Awarded a place as an artist in residence in 2018, Danielle Swindells created Lot 86 in response to the surrounding area and community around Paradise Works. Undergoing research for the project during summer, her final film was screened in October as part Paradise Works Open Studios 2018.
Lot 86 follows the story of Victoria Theatre, located 10 minutes away from Paradise Works. The last building of its kind in Lower Broughton, Victoria Theatre has survived the swathes of demolition across Salford since the 1960s. After being left to rot for a decade, it was finally put up for auction. Swindells follows its final few weeks and a small group of individuals who attempt to reclaim it as the last tangible link to their past.
Watch Lot 86 here
2017 - Michelle Shields
Organised Labour - The past, present & future of the production site.
Michelle Shields was born in Salford and attended the Royal College of Art, London. She has exhibited internationally and her work is held in public and private collections. Michelle often works in interdisciplinary environments and is currently part of Makers Dozen, a collective of twelve creatives from different disciplines. Shields has taught at Manchester School of Art, and conducted workshops at Salford University, The Royal College of Art & Ruthin Craft Centre.

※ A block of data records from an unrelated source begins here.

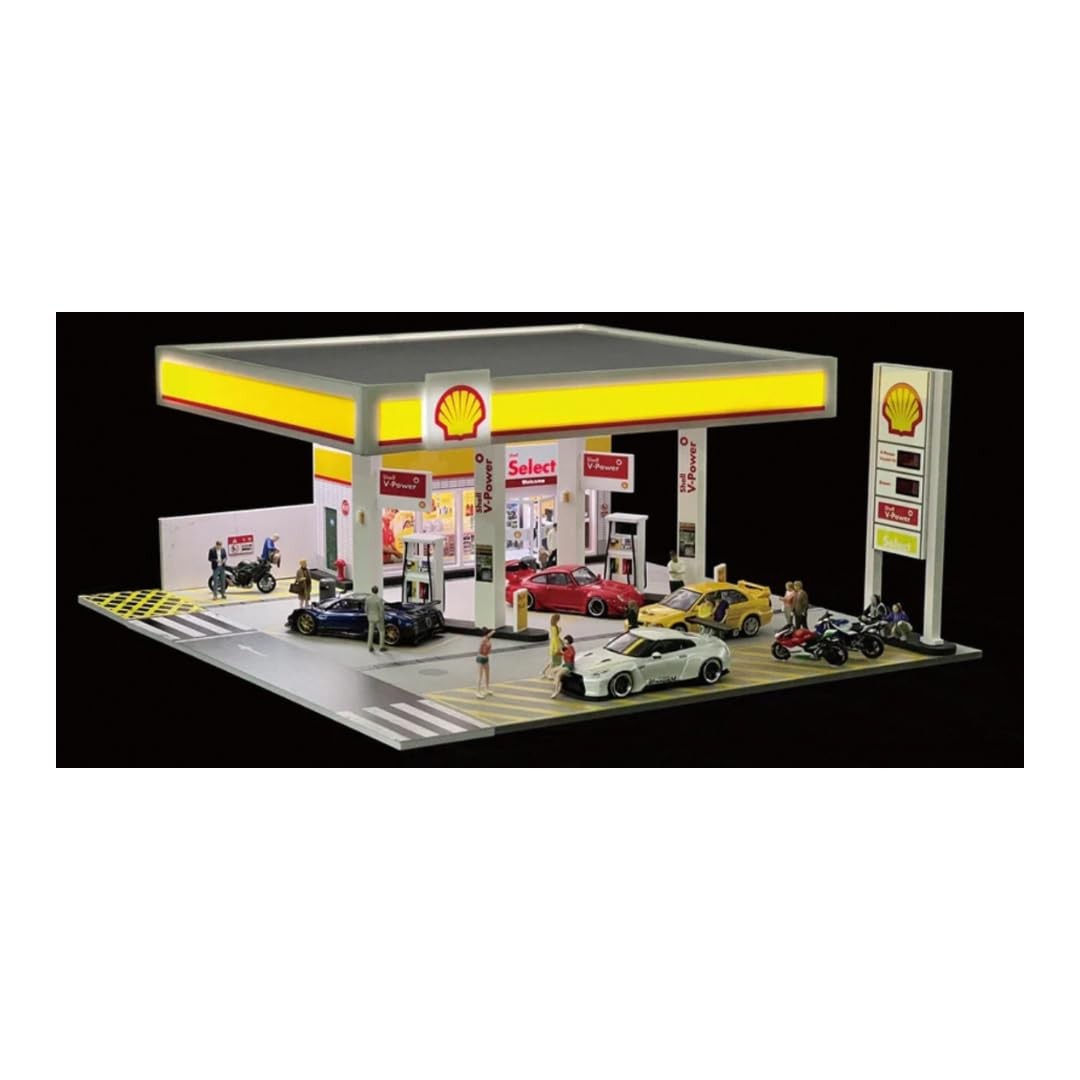 G-Fans 1/64 Scale Diecast Gas Station Diorama LED Yellow 710035 Japan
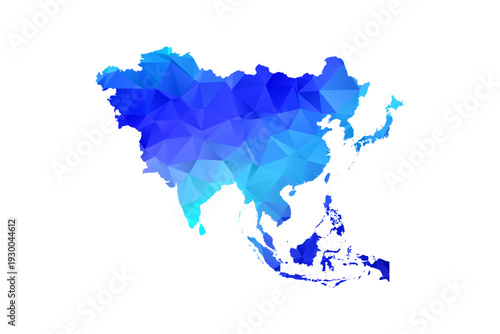 Asia map - Polygon Style Vector Illustration in Blue Gradient, Low Poly Geometric Design, Isolated on White Background, Perfect for Infographics, Education, and Modern Presentations.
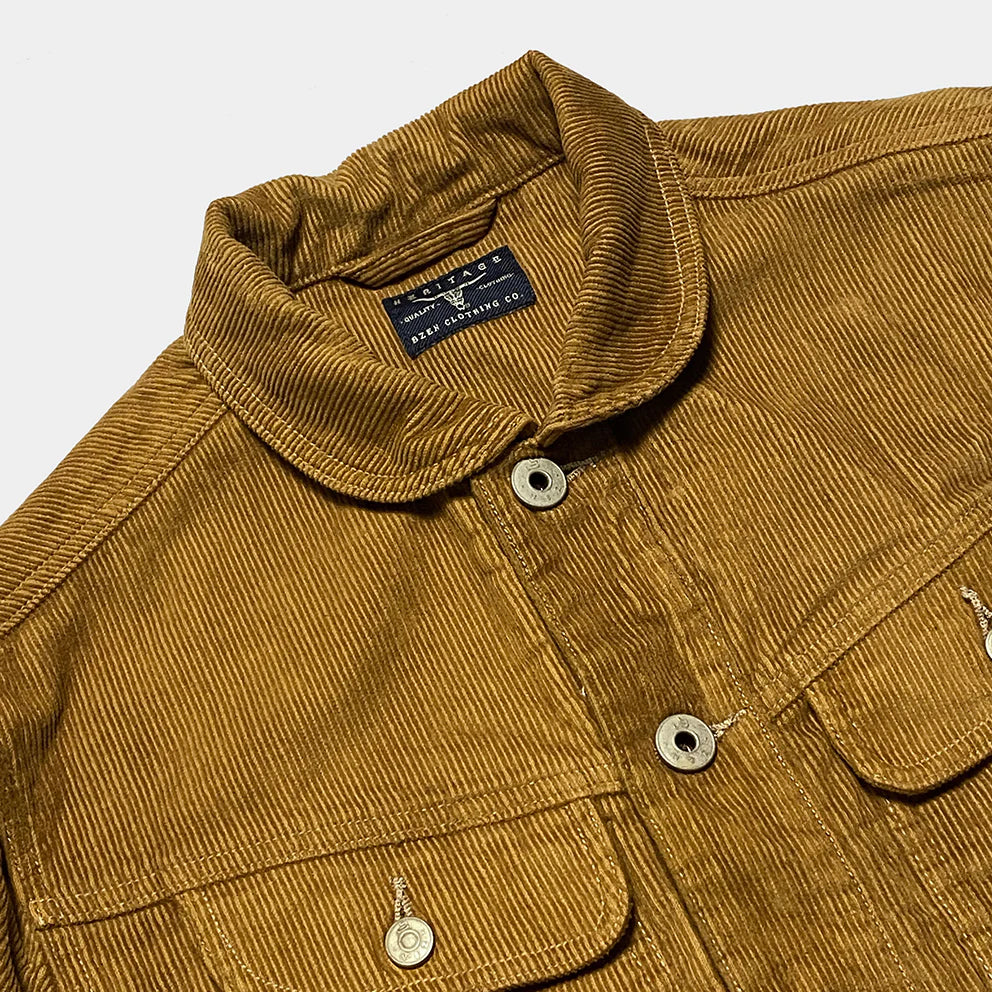 BZEN M.3139RR GARCIA 11W REGULAR FIT 4 POCKET VEGGIE DYED CORDUROY JACKET-11 WALE-E0 CARAMEL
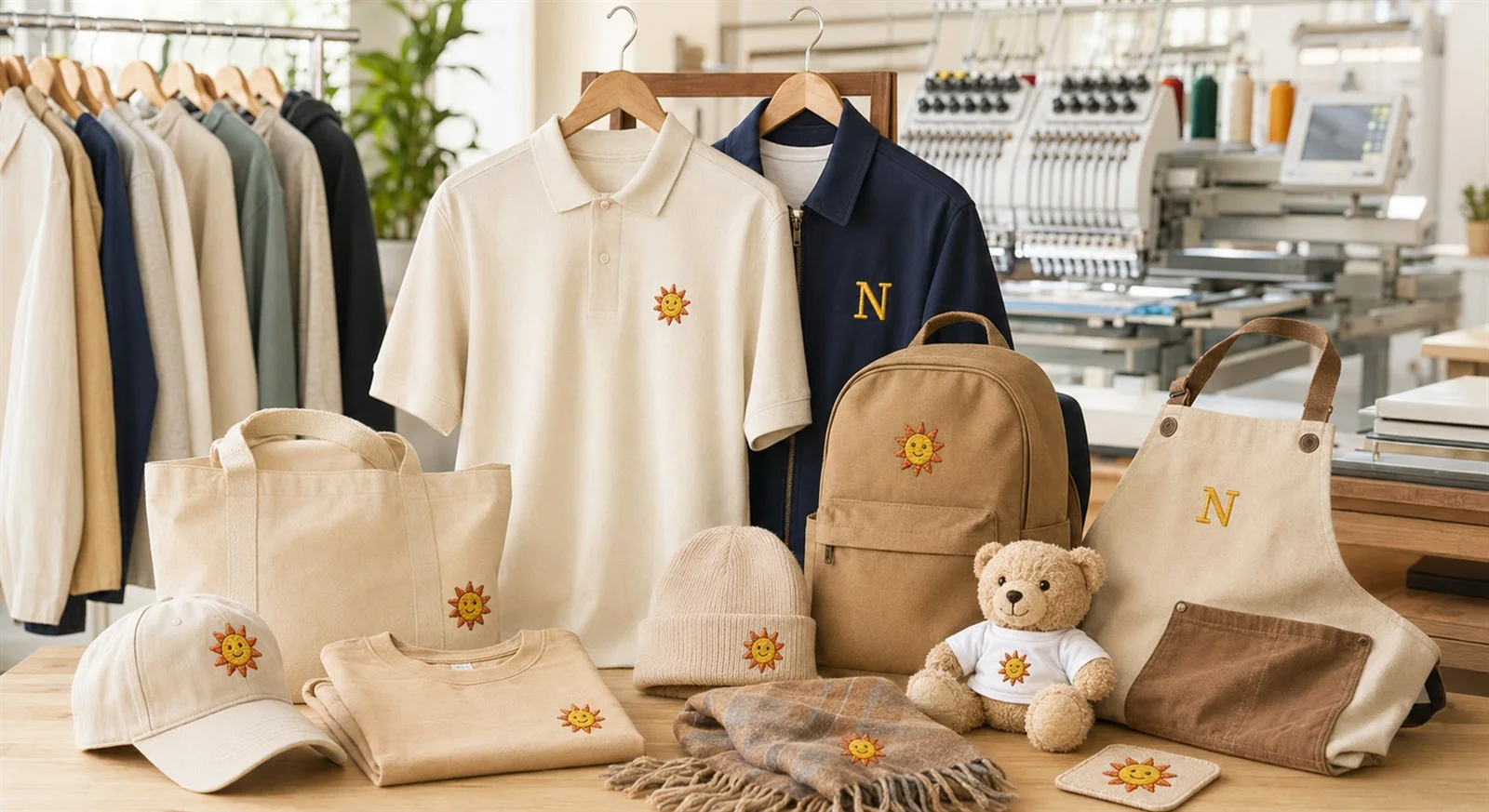 งานปักบนเสื้อโปโล หมวก กระเป๋า ผ้ากันเปื้อน และตุ๊กตา
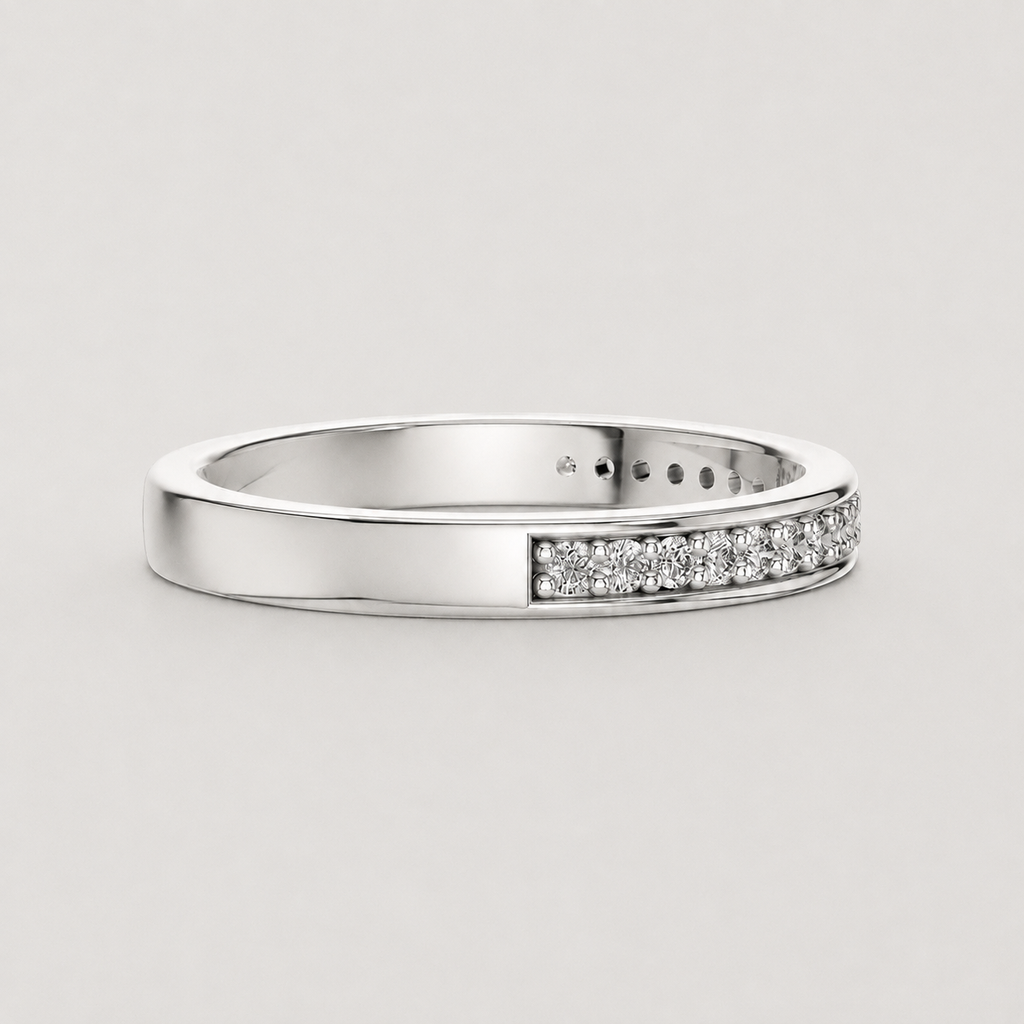 Lab-Grown Diamond Half Eternity Band Round Ring 0.20 Ct. (VS-EF)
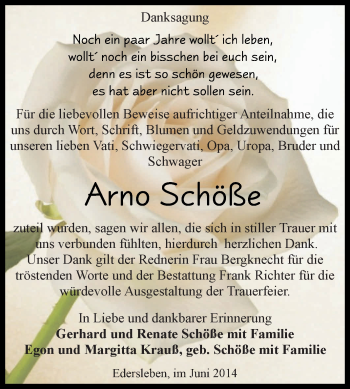 Traueranzeige von Arno Schöße von Super Sonntag SGH Mansf. Land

Joining us in 2017 Shields’ sculptural works, installations and objects responded to the industrial past of the Greengate area of Salford. Using metal wire, industrial enamel, ceramics, found materials, models and drawings Shields referenced the factories & manufacturers which formerly populated the surrounding area, with particular focus on the Anaconda Wire Works that was sited beside Paradise Works at one time. Her works can be understood as open experimental arrangements, or the preliminary findings, of a series of associations to the area's reinvention after its long standing contribution to the Industrial Revolution.